For the longest time, I thought the way to overcome fear was to just be bolder. You know, the old pull yourself up by the bootstraps mentality. I can be like that from time to time. Just man up and face those fears!

But as I was reading through 2nd Timothy recently, I was struck by this verse in a way that it hadn’t struck me before. Fear is a spirit. And the answer to spiritual attacks is never just “stop being scared” or “be bolder.”

When you find yourself in a spiritual attack, the first thing you should do is pray. As Christians, we need to be people of prayer. When we pray, we are reminded as to who is in charge and it most certainly isn’t the spirit of fear. God is in charge! And our first response should always be to turn to Him.

I know this isn’t always easy to do. When you find yourself surrounded by fear, typically the first thing we do is retreat. We look to run and hide. I know people who are “doing church at home” because they are full of fear. Most of them do not even see it. These same people go to work and visit stores and even go out to eat, but they won’t attend church. Many Christians do not really believe that to live is Christ and to die is gain!

We need to be reminded that it is God who is in control. He holds our lives in His hands. We don’t control life or death, He does! When we pray, we gain perspective. We humble ourselves and lift Him up. It’s a two-part process. We realize that we are low and that He is mighty!

The next thing we should realize is that we are commanded by Paul in his treatise on spiritual warfare in 2nd Corinthians 10:5 to “take captive every thought to make it obedient to Christ.” This isn’t an option! It’s a command. Paul is trying to help us fight spiritual battles. There are two things I want you to notice in this:

1. We need to take our thoughts captive. This means we capture our thoughts. We don’t let them run free. They aren’t free to just run us over. They are put into bondage. We bind them.

2. Paul says every thought. That means that not one thought should be rebelling against Christ’s authority. Your thoughts…your mind…your very being are all subject to God and his sovereignty. He owns them. Every one of them.

Paul is right. It’s easy to let our thoughts run away with us. Our thoughts typically take us captive! Isn’t that how you feel when you are facing a fearful situation? Like you are being held prisoner by your fears? That’s because you aren’t seeing this as a spiritual battle! Take your thoughts captive man or woman of God!

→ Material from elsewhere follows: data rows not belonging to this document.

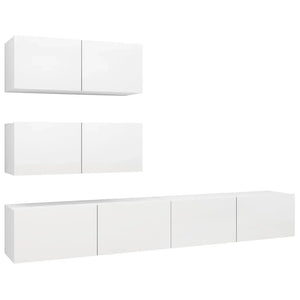Set Mobili Porta TV 4 pz Bianco in Legno Multistrato 3078711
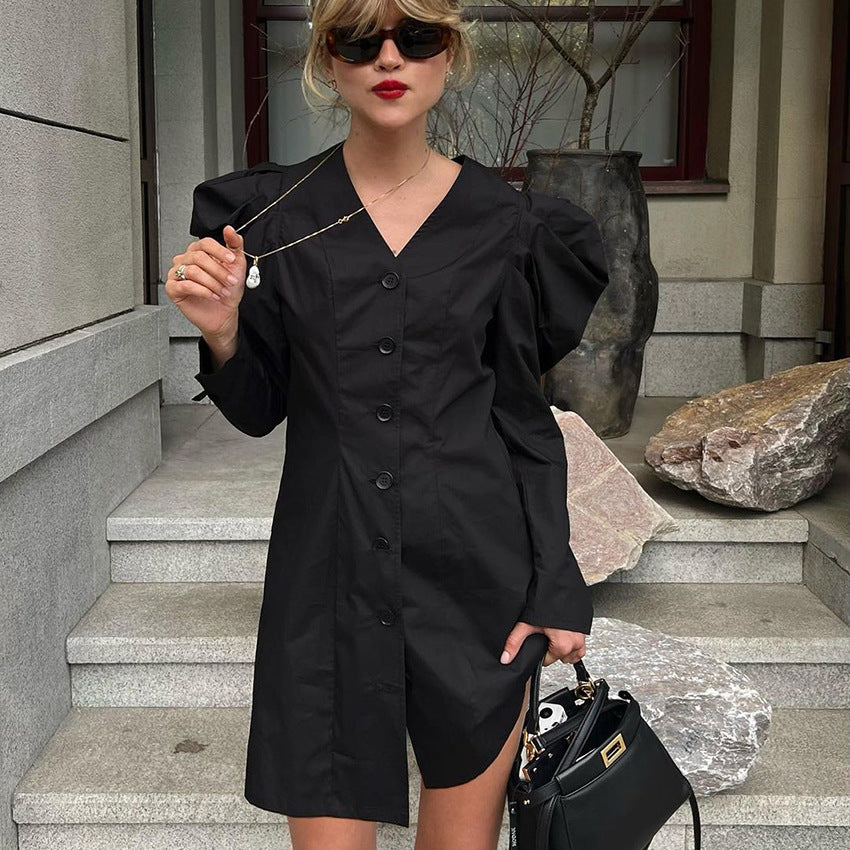 Black V-Neck Puffy Sleeve Commuter Dress New Autumn Fashion Short Skirt Women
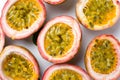 Bunch of halved passion fruit Royalty Free Stock Photo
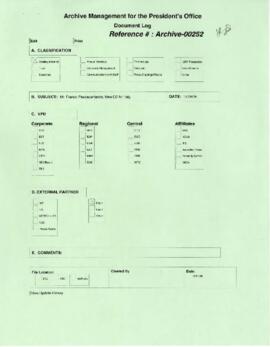 President Wolfensohn - Briefing Book for President's Meetings and Events - Franco Passacantando -...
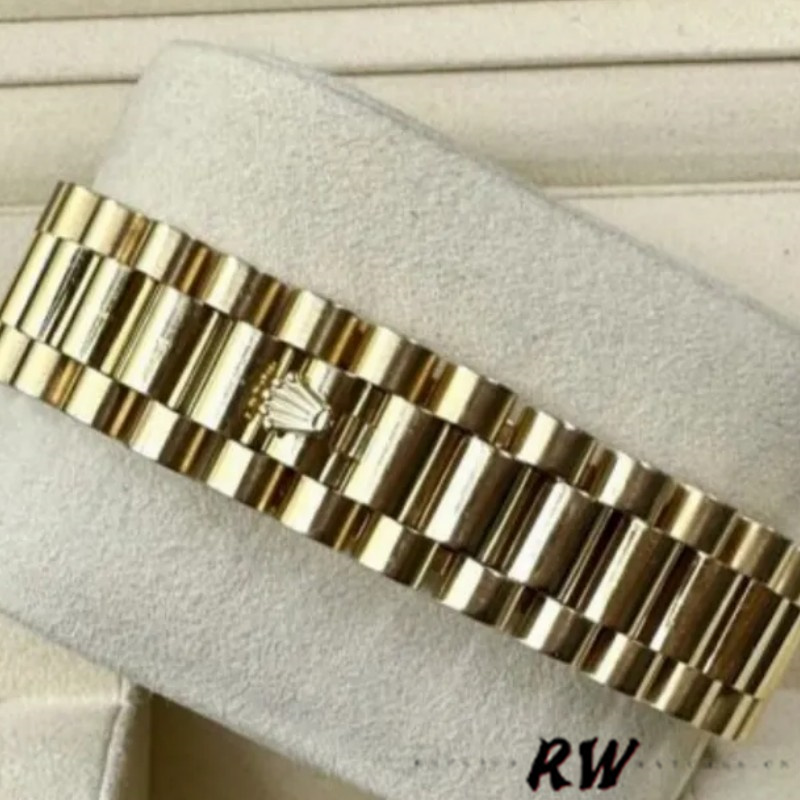 Rolex Day-Date 118388 Yellow Gold White Roman Numeral Dial 36MM Unisex Replica Watch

The last thought I want to leave you with is probably the most important — The Bible is not silent on how we are to deal with the spirit of fear. The Bible tells us exactly how to get rid of it! The Apostle John in his first letter tells us that we are not to “believe every spirit, but test the spirits…” (1st John 4:1). John is telling us that spirits will lie to us. And most of the time, that is exactly how the spirit of fear attacks us…with lies! The second thing it tells is that we are to test the spirits to see if it is from God or not. Not everything spiritual is from God and that’s John’s point. John goes on though and addresses fear head on and he tells exactly how to get rid of fear. It’s driven away by perfect love!

“There is no fear in love. But perfect love drives out fear, because fear has to do with punishment. The one who fears is not made perfect in love.” 1st John 4:18

Perfect love is what drives out fear. What is perfect love? It’s the love of God. You loving God and God loving you is what drives out fear. Why? Because inside of God’s love is the fullness of peace. Inside of His grace there is no room for fear. God’s love for you is perfect and in it is freedom from judgment and death.

So the question I have for you is this…are you abiding in His perfect love today?